EXERCISE BRIEF: For this task, output exactly the lines of the material below starting at the line with "ランニング adidas 大きいサイズあり" and ending at the line with "Drew Allar 2026"; pictures are to be excluded.

MATERIALS PROVIDED:
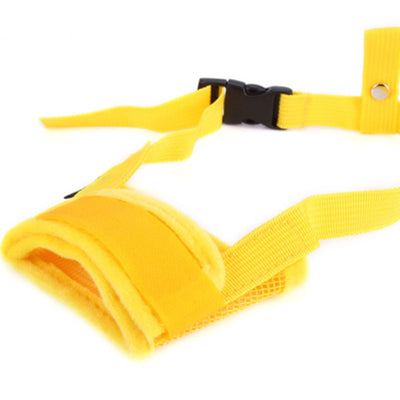 Orange and black adjustable pet muzzle with breathable mesh and a quick-release buckle. - Image 4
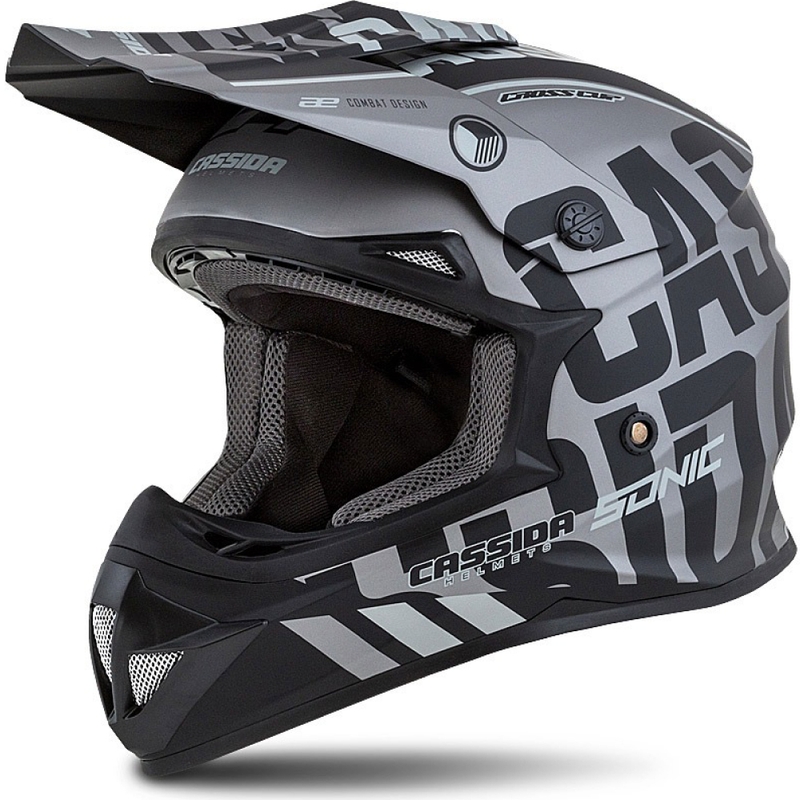 Casque motocross enfant Cassida Cross Cup Sonic Junior gris mat-noir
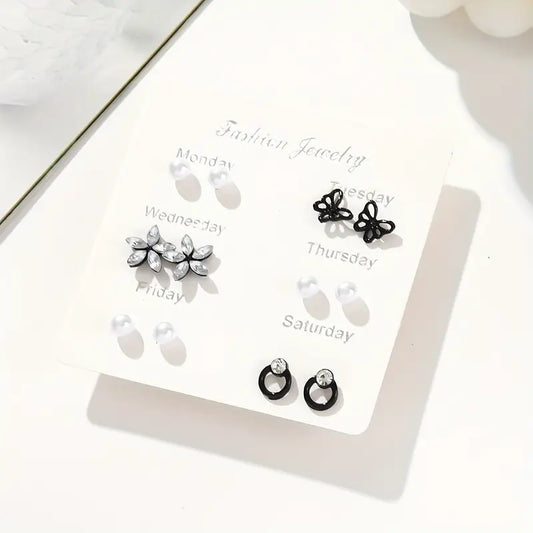 Elegant Classic Black Series Stud Earrings Set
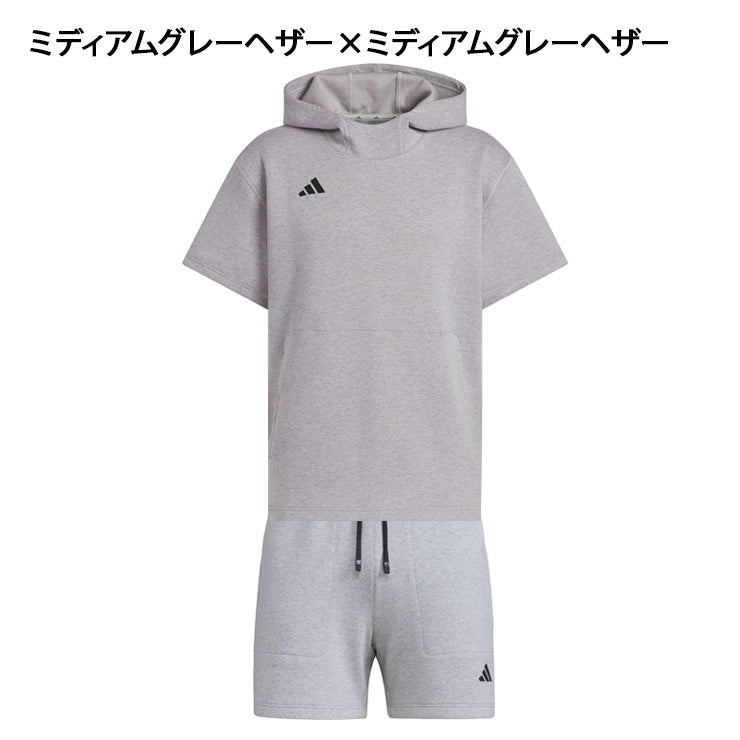 【2025モデル】アディダス 野球 ウェア 上下セット 半袖 スウェット フーディー ハーフパンツ DUGOUTS メンズ ユニセックス JRY93 JRY94 秋 冬 半袖パーカー 半ズボン スエット 上下 スポーツウェア トレーニングウェア ランニング adidas 大きいサイズあり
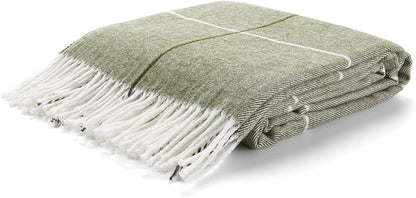 Arus Acrylic Highlands Collection Queen Size Tartan Plaid Design Throw Blanket Green Stripes, 60x80 inches
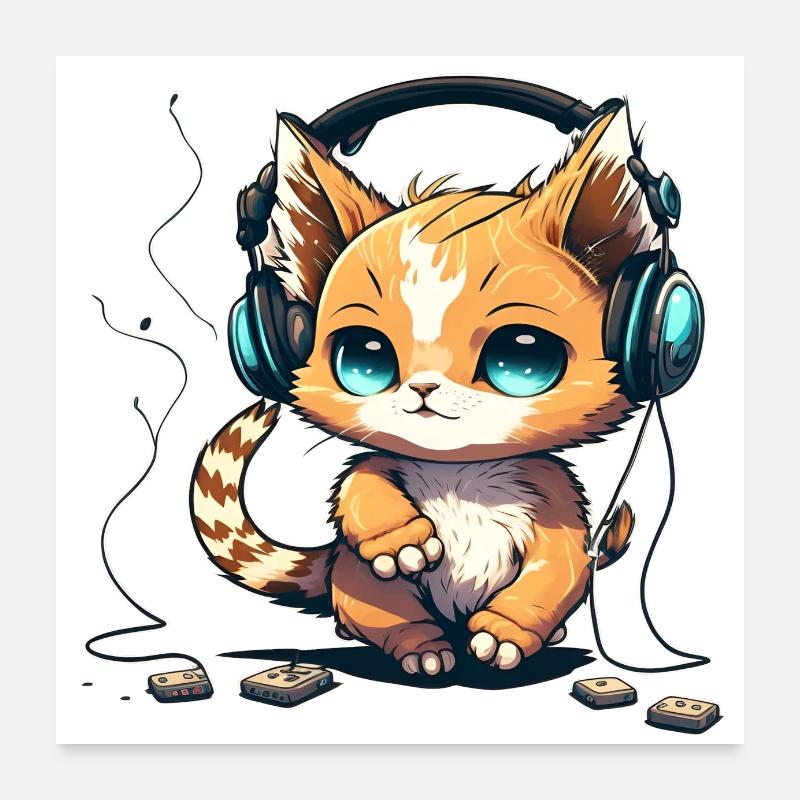 Katze mit Kopfhörern Poster 60x60 cm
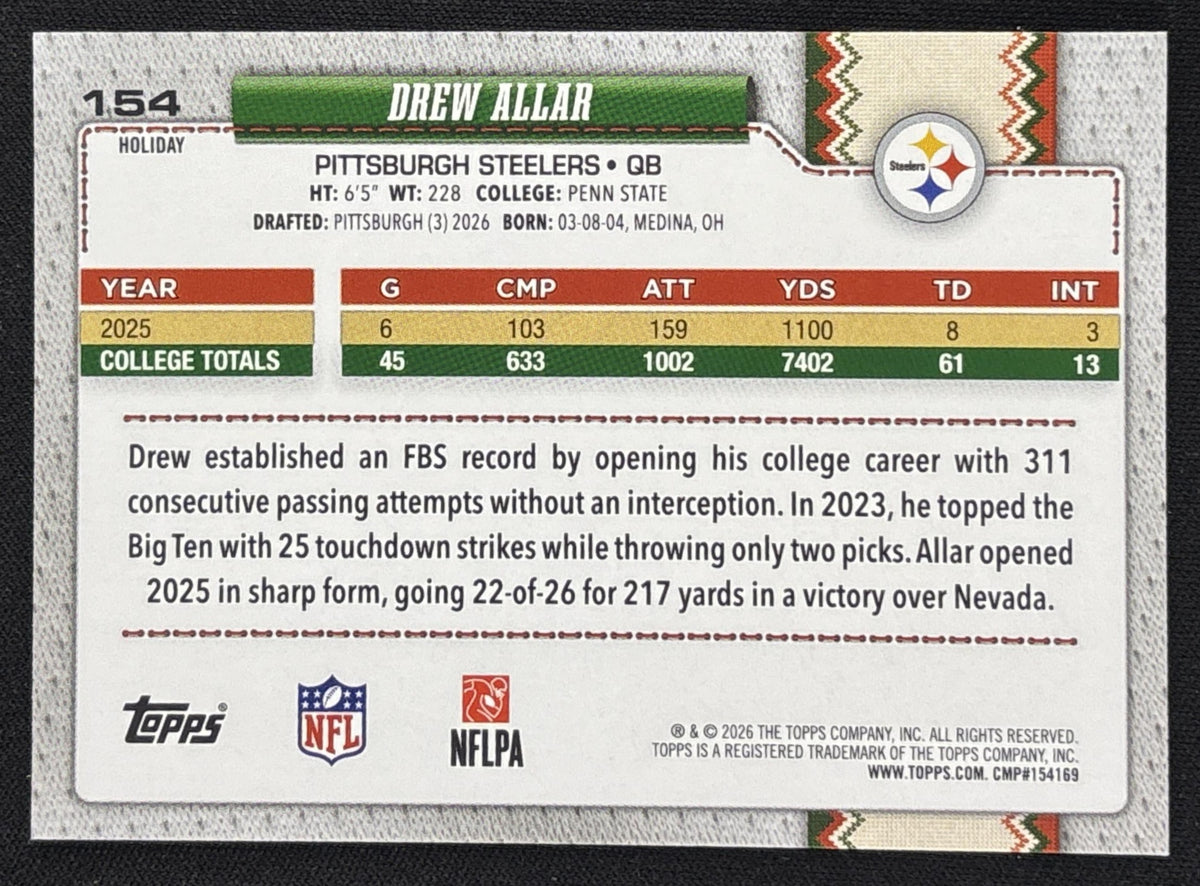 Drew Allar 2026 Topps Holiday Back Variation Steelers - Back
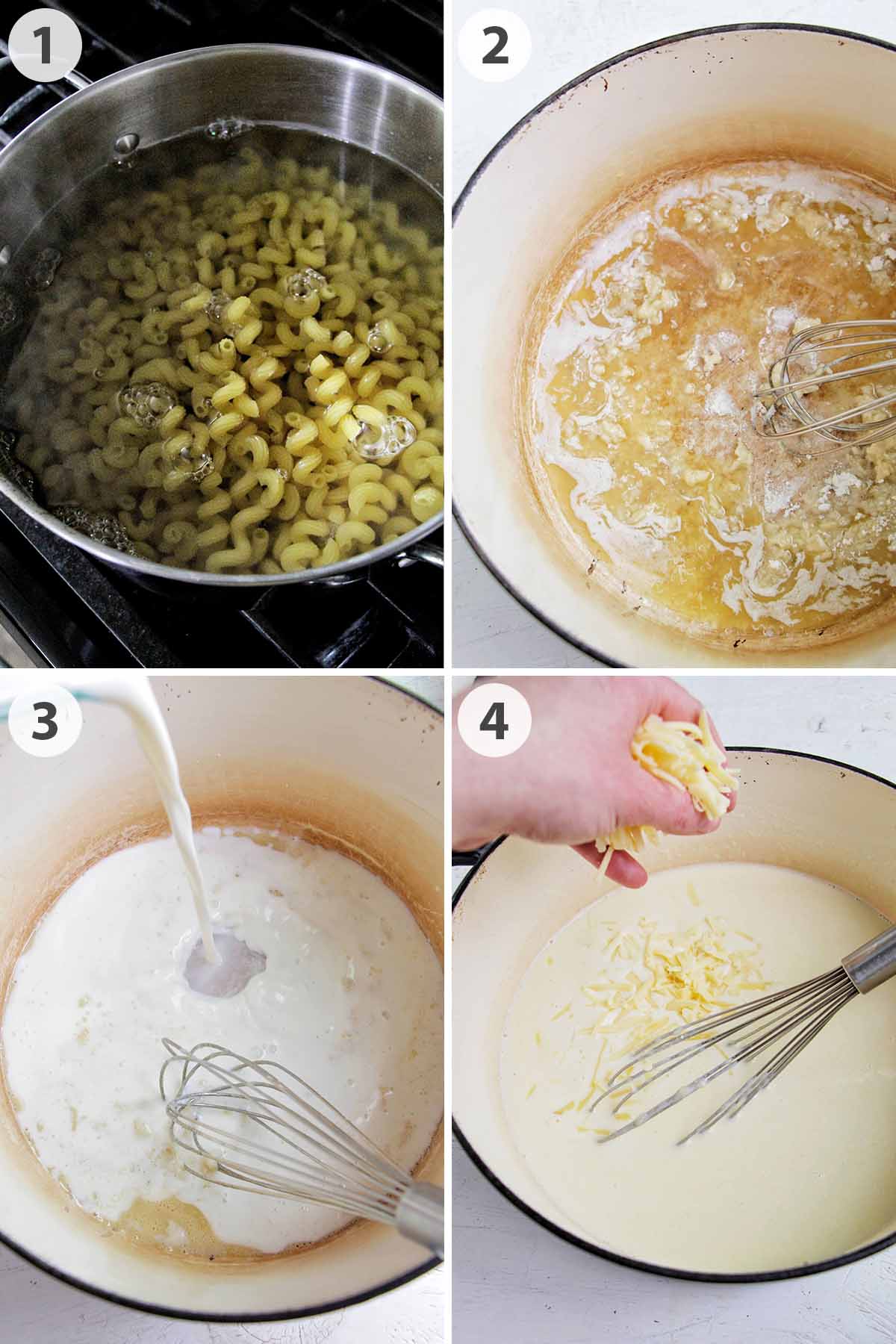 four numbered photos showing how to boil and make sauce for cavatappi white macaroni and cheese.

ANSWER TO THIS EXERCISE:
 【2025モデル】アディダス 野球 ウェア 上下セット 半袖 スウェット フーディー ハーフパンツ DUGOUTS メンズ ユニセックス JRY93 JRY94 秋 冬 半袖パーカー 半ズボン スエット 上下 スポーツウェア トレーニングウェア ランニング adidas 大きいサイズあり
 Arus Acrylic Highlands Collection Queen Size Tartan Plaid Design Throw Blanket Green Stripes, 60x80 inches
 Katze mit Kopfhörern Poster 60x60 cm
 Drew Allar 2026 Topps Holiday Back Variation Steelers - Back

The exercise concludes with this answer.